With over 100 different designs of flowmeters available to address just 12 principles of operation, selecting the optimum instrument for a particular application can be daunting. Each flowmeter type has its strengths and weaknesses and there are many design variations within the type specifications. Add to this the fact that previously impossible areas of application are now being opened up through modern manufacturing practices and it is hardly surprising that many users fail to get the best system for their requirements.
While millions of working flowmeters measure every conceivable fluid and powder flow using older technologies such as differential pressure and level sensing, an increasing number of applications are requiring the newer meter types such as electromagnetic, Coriolis mass, correlation devices or lasers.
Over 1,000 different suppliers world-wide compete to meet these needs. They range from multi-national corporations, such as ABB, to small companies serving niche markets and special applications.
With so many technologies, designs, suppliers and application needs, choosing the right flowmeter to meet particular application, installation, environmental and economic criteria is becoming increasingly difficult. However, before the would-be purchaser becomes embroiled in vast quantities of information on which to base his selection, he should perhaps ask himself "Do I need a flowmeter at all?"
In many industrial applications, it may be desirable just to know whether the fluid in the line is moving slowly, rapidly or not at all. For these applications, flow indicators are readily available at a fraction of the cost of the simplest flowmeter. If alarm limits for `high' or `low' are required, indicators can be fitted with micro switches and, even for something more sophisticated, such as an indication of flow to within 10%, it may still be unnecessary to purchase a flowmeter. Many installations have changes of section or bends that can be turned into a crude Venturi or flow meter by purchasing a differential pressure transmitter and placing pressure tappings at convenient points. If calibration can be performed under those conditions, a reasonable accuracy of around 5% could be achieved.

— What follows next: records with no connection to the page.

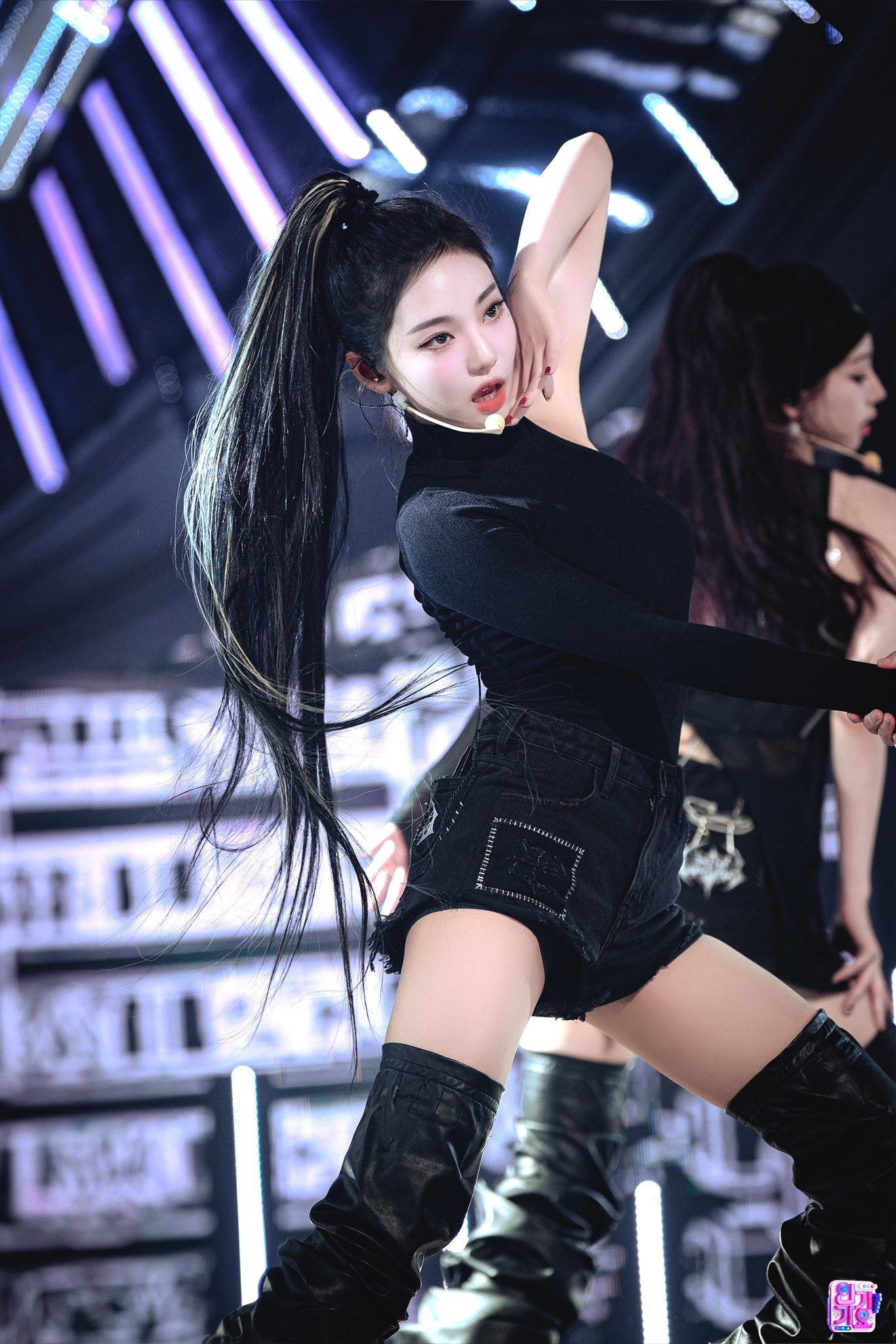 Aespa NingNing Whiplash MV 着用 カーゴパンツ 241027 aespa NingNing - Whiplash at Inkigayo | kpopping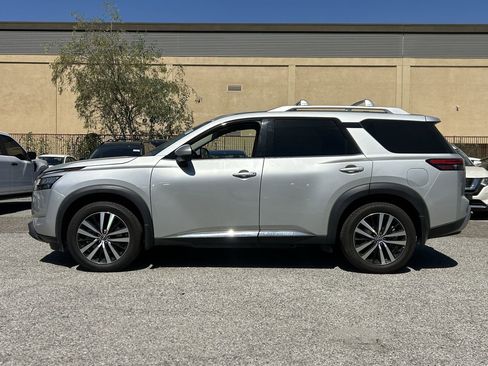 Certified 2023 Nissan Pathfinder Platinum image 3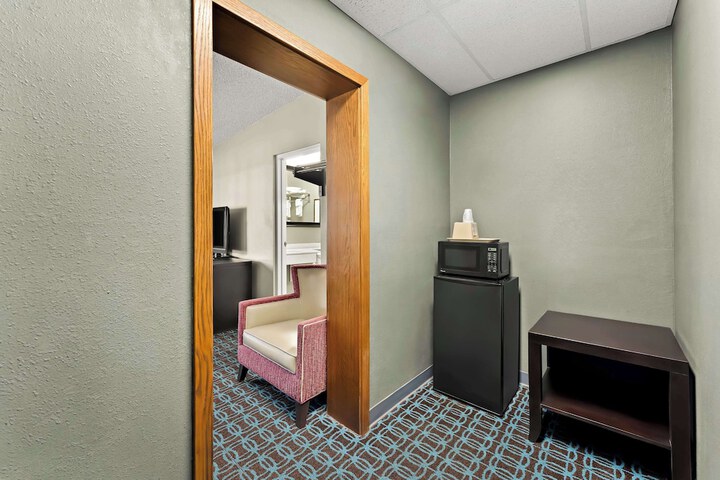 2 Double Beds (7 of 10)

Where greater accuracy is required or the signal is to be used to control the process, then the more difficult task of meter selection needs to be undertaken. A starting point is an appreciation of the various operating principles - an aspect embodied in British Standard 7405 to enable simple and convenient classification of the many types of flowmeter. Indeed, BS 7405 is the only meter selection standard in the world. It classifies closed pipe flowmeters into 10 major groups, with two additional groups for solids meters and open channel measurement.
It is important to appreciate that flowmeter performance under process conditions will not necessarily reflect the data from calibrating the device under reference conditions. All flowmeters are affected by the fluid they are metering and the way they are installed.
Achieving a total measurement uncertainty of better than 1% requires careful selection and application. The best that manufacturers can achieve, even under stable reference conditions, is no better than 0.1%. Beware, therefore, of accuracy claims of less than 0.1%.
The various flowmeter types offer numerous techniques for measuring flow. Each, however, has its strengths and weaknesses. For the lowest uncertainty of measurement, displacement meters are generally the best option. Electromagnetic meters provide for the widest flow range, while turbine meters are usually the best choice for the highest short-term repeatability. In terms of sheer numbers, the orifice plate is the most commonly used metering device in the history of flow measurement.
Consideration must also be given to flowmeter installation, environmental location and to the economies of operation. Will the meter orientation be horizontal, vertical or inclined? Will the flow be uni or bi-directional? What disturbances, such as bends and valves, will be encountered upstream and downstream? Where are the power sources and will the power supply be ac, dc, battery or solar?
These, together with space availability for the chosen size of meter and its service accessibility, are among the principal installation considerations.
In terms of the meter's environmental location, one has to consider the instrument's protection rating (IP65 / IP68) in corrosive-type atmospheres and whether it needs to be sanitary specified or buriable. Appropriate intrinsic safety (IS) or explosion-proof certification will be required for hazardous area operation.
The economics of flowmetering extend beyond the purchase price of the instrument. Installation may involve mechanical and electrical supports, chambers, filters, reducers and up/down stream pipework. In operation, there are pumping and power consumption costs, as well as the question of maintenance, to consider. The reliability of the meter in terms of its operational life, downtime and frequency of recalibration can also have significant effects on long term cost effectiveness.